TIDMKAT
RNS Number : 3488Q
Katoro Gold PLC
27 October 2021
Katoro Gold plc (Incorporated in England and Wales )
( Registration Number: 9306219)
Share code on AIM: KAT
ISIN: GB00BSNBL022
("Katoro" or "the Company")
27 October 2021
Katoro Gold plc ('Katoro' or the 'Company')
Katoro to Seek Admission to the Standard List of the London
Stock Exchange for the Blyvoor Joint Venture (the "Project")
Katoro Gold plc (AIM: KAT), the AIM listed gold and nickel
exploration and development company, is pleased to announce that
the Company and Target Mine Consulting (Pty) Ltd ("TMC")
(collectively, the "Blyvoor Joint Venture Parties") have agreed to
seek admission for 100% of the Blyvoor Joint Venture project ("BV")

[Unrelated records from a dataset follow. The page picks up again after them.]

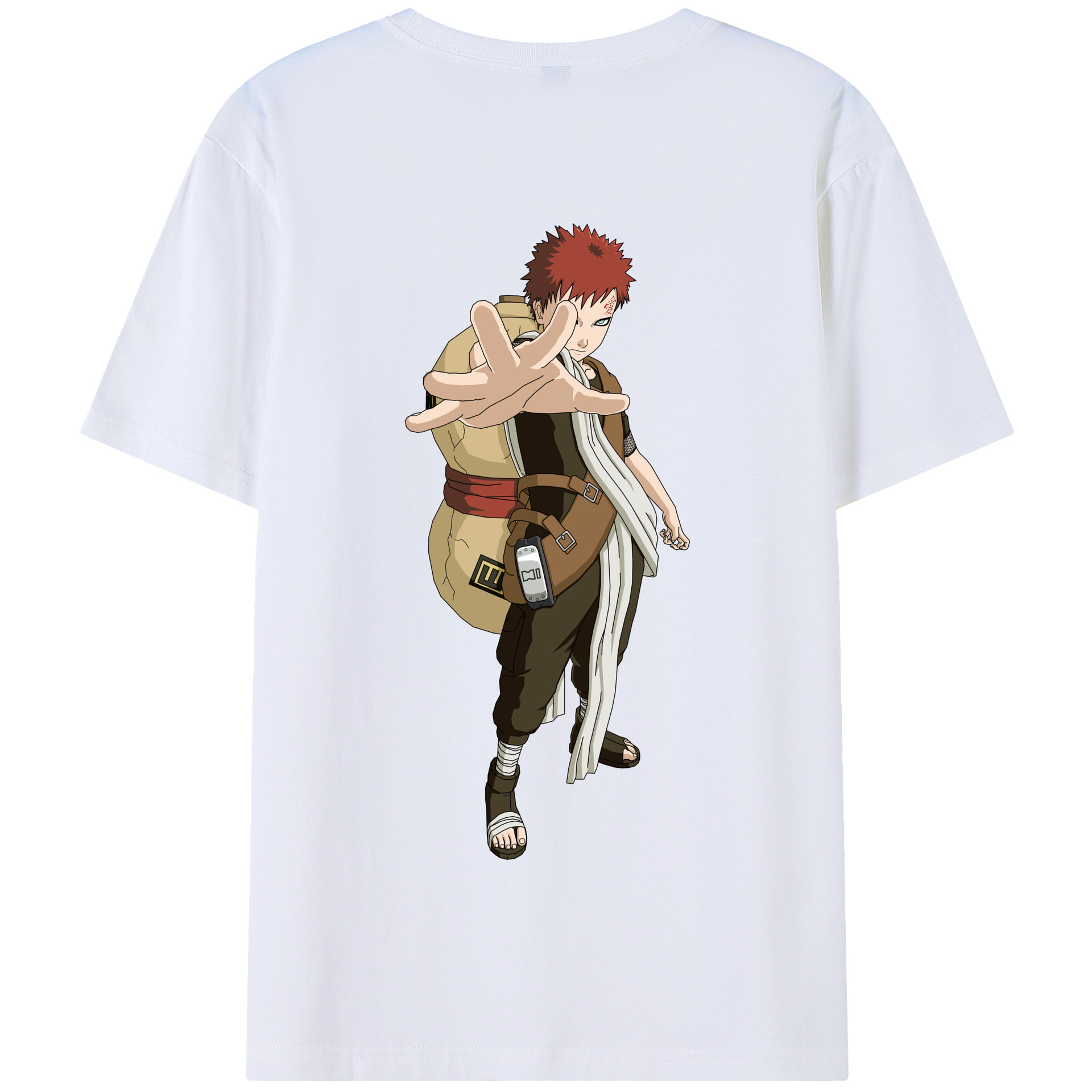 （画像用） NARUTO -ナルト- ガアラ Gaara 綿100％半袖Tシャツ（背面プリント）
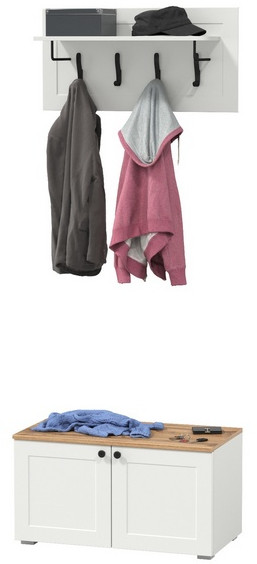 Остин 13.257 Тумба + 15.12 Вешалка, цвет белый шагрень/дуб крафт золотой, ШхГхВ 80х41,9х210 см.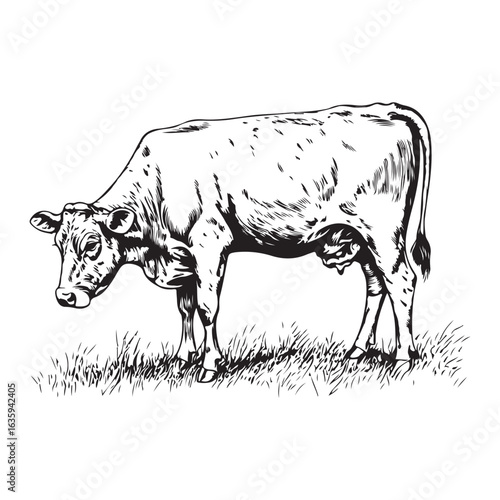 cow silhouette vector icon. black angus vector illustration 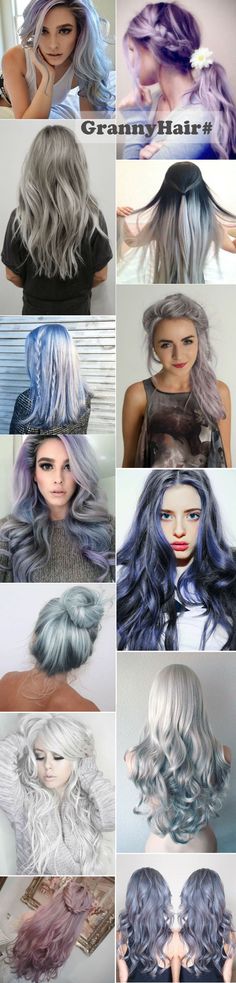 Gray hair, granny hair, grannyhair, silver hair, silver fox, pastel hair. Dark gray ombre hair with color blue, pink and purple. More inspirations on your 2015 summer hairstyles Colored Hair Styles, Grey Ombre Hair, Granny Hair, Gray Ombre, Hair Silver, Silver Hair Color, Types Of Hair, Hair Dark, Ombré Hair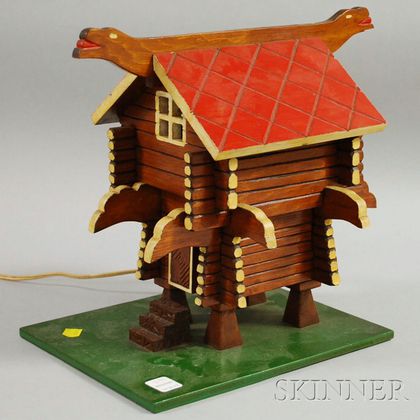 Folk Carved and Painted Wood Lodge Model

by vending each of their separate interests into a new company to
be listed on the Standard List of the London Stock Exchange plc
("London Stock Exchange" or "LSE") ('Admission'). Admission will be
accompanied by an IPO which will seek to raise sufficient funds to
complete the equity requirements for financial close of the project
and the cash requirements provided for in the agreement between the
parties.
Highlights
-- Katoro's South African Blyvoor Joint Venture project to be
listed on the Standard List of the London Stock Exchange as a new
company " BV ListCo" incorporating the whole project;
-- Application process for listing on the Standard List of the
London Stock Exchange to commence immediately;
-- The Blyvoor Joint Venture Parties have agreed to vend their
interests in the Blyvoor Joint Venture (see RNS dated 30 January
2020) in exchange for shares and cash in BV ListCo, including TMC's
100% equity interest in the project's corporate entity, Blyvoor
Gold Operations (Proprietary) Limited ("BGO") ;
-- Pre-Admission, and before settlement of any cash obligations
to other parties, Katoro will hold 45% and TMC 55% of BV ListCo
based on the parties' respective project development contributions
to date ;
-- Katoro intends to maintain a strategic interest in BV ListCo
post admission, which it estimates to be approximately 30%, subject
to the IPO raise, with c.40% in public hands, ensuring continued
upside from future developments;
-- Katoro will look to recover its total cash expense to date of
c. GBP 1.5 million in Project development, from the IPO;
-- Admission planned to capitalise and complete financial close
of the project with production commencing within 12 to 18 months
from IPO; and
-- River Group appointed as advisor to manage the Admission and the associated IPO.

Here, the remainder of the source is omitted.